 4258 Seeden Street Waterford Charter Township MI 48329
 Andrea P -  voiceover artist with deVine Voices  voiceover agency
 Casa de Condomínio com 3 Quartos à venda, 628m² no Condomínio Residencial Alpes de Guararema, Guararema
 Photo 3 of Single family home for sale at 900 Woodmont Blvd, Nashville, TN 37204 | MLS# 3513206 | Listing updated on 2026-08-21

==

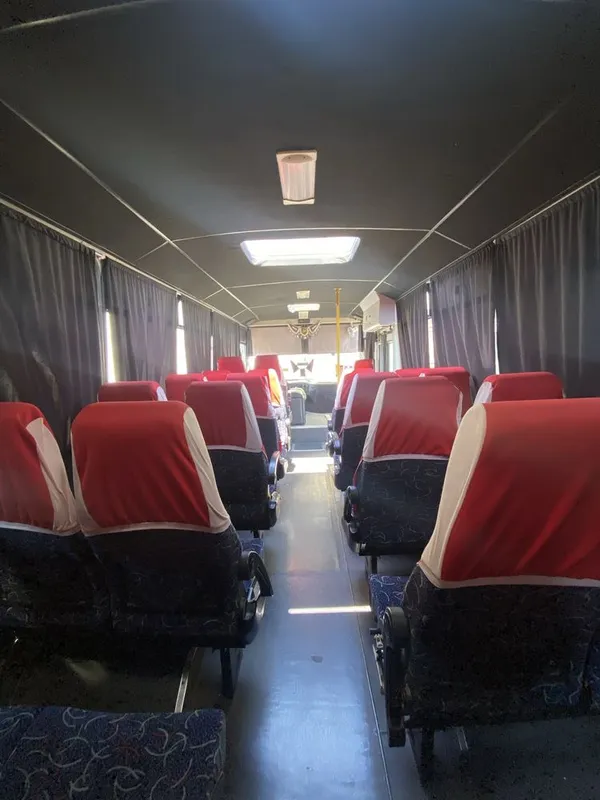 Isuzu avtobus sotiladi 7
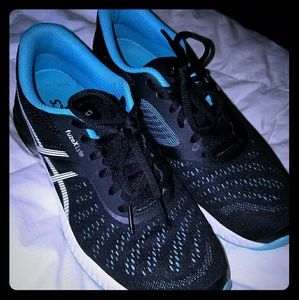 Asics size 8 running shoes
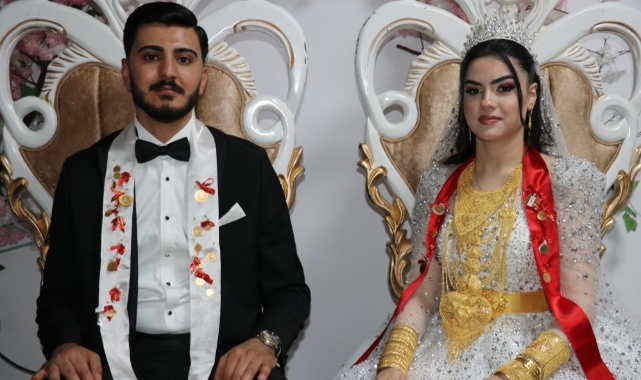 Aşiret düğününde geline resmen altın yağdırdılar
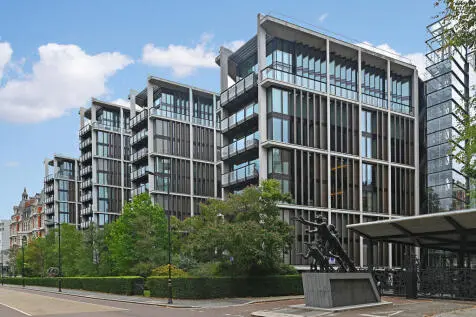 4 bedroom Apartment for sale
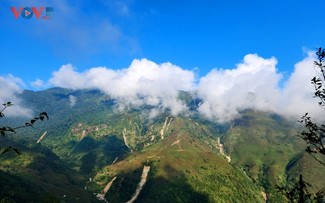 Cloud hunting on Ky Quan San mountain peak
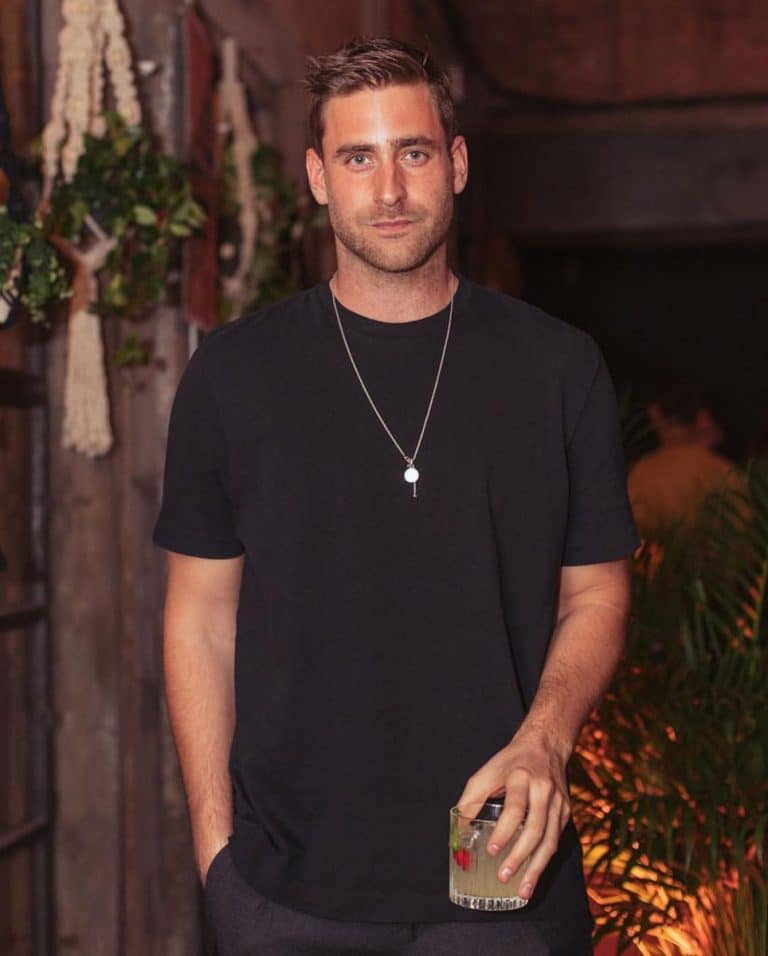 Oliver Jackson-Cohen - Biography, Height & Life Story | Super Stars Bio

[EXERCISE REQUIREMENTS]:
Copy the listing above exactly, but only from the line with "Isuzu avtobus sotiladi 7" through the line with "Oliver Jackson-Cohen - Biography, Height", including those two lines and excluding any picture.

[TASK OUTPUT]:
 Isuzu avtobus sotiladi 7
 Asics size 8 running shoes
 Aşiret düğününde geline resmen altın yağdırdılar
 4 bedroom Apartment for sale
 Cloud hunting on Ky Quan San mountain peak
 Oliver Jackson-Cohen - Biography, Height & Life Story | Super Stars Bio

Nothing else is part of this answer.